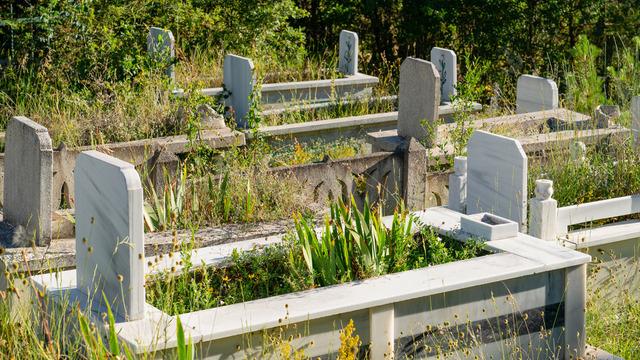 Selası verildi, mezarı kazıldı... Ölmeyince cenaze programı iptal edildi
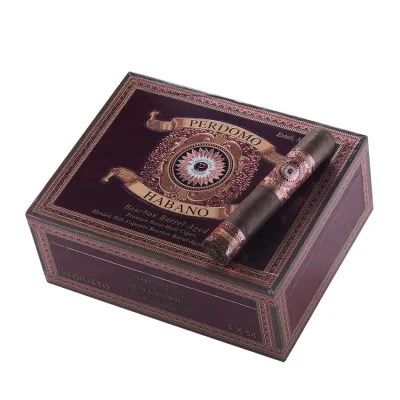 Habano BBA Connecticut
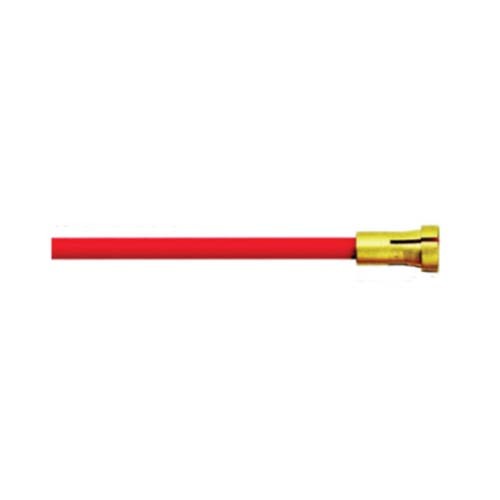 Bossweld Teflon Liner Tweco Style 0.9 - 1.2mm x 4.6m Alum TW2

> THE PROBLEM: Transcribe the data word for word, with no images.

> REPLY:
 Selası verildi, mezarı kazıldı... Ölmeyince cenaze programı iptal edildi
 Habano BBA Connecticut
 Bossweld Teflon Liner Tweco Style 0.9 - 1.2mm x 4.6m Alum TW2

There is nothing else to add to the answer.